50 L. Dang, D. W. White, S. Gross, B. D. Bennett, M. A. Bittinger, E. M. Driggers, V. R. Fantin, H. G. Jang, S. Jin, M. C. Keenan, K. M. Marks, R. M. Prins, P. S. Ward, K. E. Yen, L. M. Liau, J. D. Rabinowitz, L. C. Cantley, C. B. Thompson, M. G. Vander Heiden, S. M. Su, Cancer-associated IDH1 mutations produce 2-hidroxiglutarato. Nature 462, 739-744 (2009).

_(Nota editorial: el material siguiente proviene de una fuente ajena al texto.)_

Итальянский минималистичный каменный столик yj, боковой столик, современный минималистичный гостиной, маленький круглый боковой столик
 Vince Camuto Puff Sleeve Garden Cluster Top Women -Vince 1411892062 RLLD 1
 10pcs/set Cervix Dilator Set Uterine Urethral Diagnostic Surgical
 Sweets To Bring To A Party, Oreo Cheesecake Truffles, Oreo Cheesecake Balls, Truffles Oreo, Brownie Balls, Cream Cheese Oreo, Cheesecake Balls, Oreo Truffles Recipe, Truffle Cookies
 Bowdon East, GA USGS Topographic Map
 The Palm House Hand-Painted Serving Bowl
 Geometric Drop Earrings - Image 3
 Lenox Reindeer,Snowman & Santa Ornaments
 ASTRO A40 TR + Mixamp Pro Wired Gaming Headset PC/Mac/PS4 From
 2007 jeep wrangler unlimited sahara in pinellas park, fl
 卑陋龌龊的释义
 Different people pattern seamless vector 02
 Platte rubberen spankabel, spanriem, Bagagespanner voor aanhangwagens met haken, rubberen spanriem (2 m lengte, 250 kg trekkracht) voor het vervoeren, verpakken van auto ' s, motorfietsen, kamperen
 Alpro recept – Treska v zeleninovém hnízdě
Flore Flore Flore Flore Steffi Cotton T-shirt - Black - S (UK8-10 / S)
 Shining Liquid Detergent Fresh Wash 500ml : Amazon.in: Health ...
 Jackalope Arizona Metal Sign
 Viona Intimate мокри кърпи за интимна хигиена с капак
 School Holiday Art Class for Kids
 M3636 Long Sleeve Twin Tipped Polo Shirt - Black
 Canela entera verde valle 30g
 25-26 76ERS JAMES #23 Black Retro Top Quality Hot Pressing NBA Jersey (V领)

51 Financiación: Este estudio fue financiado por la Fundación Hecht (Vancouver, Columbia Británica, Canadá; E.D.M.), los Institutos Canadienses de Investigación Sanitaria y el Programa de Cátedras de Investigación de Canadá (E.D.M.), y por donaciones públicas al programa DCA (recibidas y gestionadas por los Regentes de la Universidad de Alberta y la Facultad de Medicina). Los autores desean agradecer el apoyo de los Servicios de Salud de Alberta (D. Gordon, Vicepresidente Senior, Grandes Hospitales Terciarios). Contribuciones de los autores: E.D.M. diseñó los estudios, supervisó los estudios mecanísticos, consiguió la financiación, analizó los datos y redactó el manuscrito. K.C.P. co-diseñó los estudios, supervisó todos los estudios clínicos, y co-escribió el manuscrito. G.S. y P.D. realizado todos los estudios mecanicistas y editado el manuscrito. L.W. coordinado todos los estudios, contribuyó a la adquisición de datos, analizó los datos clínicos, y editó el manuscrito. A.H., E.N., C.M., T.-L.G., y M.S.M. contribuido a la adquisición de datos y análisis de datos y editado el manuscrito. J.R.M., D.F. y B.A. co-diseñaron los estudios clínicos, contribuyeron a la adquisición de datos y editaron el manuscrito. Intereses en conflicto: E.D.M. es copropietario de una patente de uso pendiente sobre el uso del DCA como terapia contra el cáncer. No ha habido ninguna comercialización activa o planeada de esta patente.